There is no need to generate extract for origin scalar instrutions,
as these scalar instructions will be replaced by vector instructions and get erased later.

This patch replaces extracts for original scalar instructions with corresponding vectorized instructions,
and remove
- https://github.com/llvm/llvm-project/blob/main/llvm/lib/Transforms/Vectorize/SLPVectorizer.cpp#L11497-L11506
- https://github.com/llvm/llvm-project/blob/main/llvm/lib/Transforms/Vectorize/SLPVectorizer.cpp#L11542-L11551
- https://github.com/llvm/llvm-project/blob/main/llvm/lib/Transforms/Vectorize/SLPVectorizer.cpp#L11657-L11667
extracts.
---
 .../Transforms/Vectorize/SLPVectorizer.cpp    | 85 +++++++------------
 .../SLPVectorizer/X86/extract_in_tree_user.ll | 34 ++++----
 .../X86/reorder-reused-masked-gather2.ll      | 18 ++--
 3 files changed, 57 insertions(+), 80 deletions(-)

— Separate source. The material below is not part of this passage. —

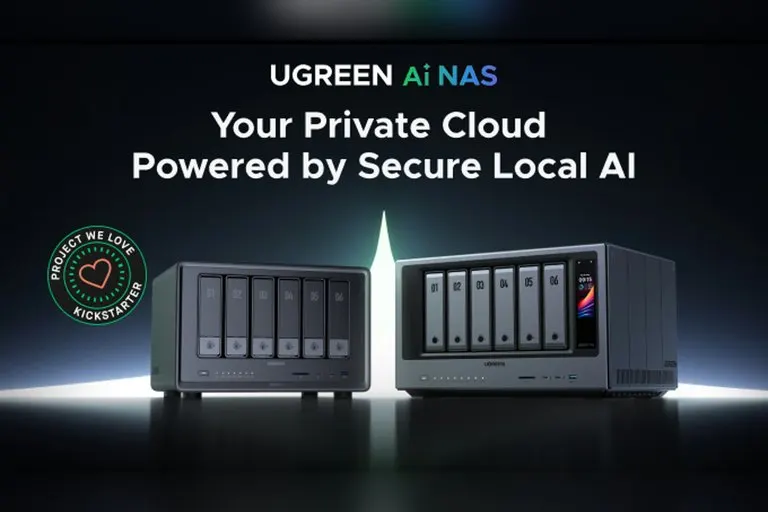 UGREEN AI NAS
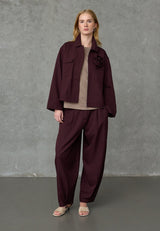 Love & Divine jacket Love1471-1 berry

diff --git a/llvm/lib/Transforms/Vectorize/SLPVectorizer.cpp b/llvm/lib/Transforms/Vectorize/SLPVectorizer.cpp
index 32913b3f55697e..01eb624ab3bff9 100644
--- a/llvm/lib/Transforms/Vectorize/SLPVectorizer.cpp
+++ b/llvm/lib/Transforms/Vectorize/SLPVectorizer.cpp
@@ -4925,36 +4925,34 @@ void BoUpSLP::buildExternalUses(
         LLVM_DEBUG(dbgs() << "SLP: Checking user:" << *U << ".\n");
 
         Instruction *UserInst = dyn_cast<Instruction>(U);
-        if (!UserInst)
+        if (!UserInst || isDeleted(UserInst))
           continue;
 
-        if (isDeleted(UserInst))
+        // Ignore users in the user ignore list.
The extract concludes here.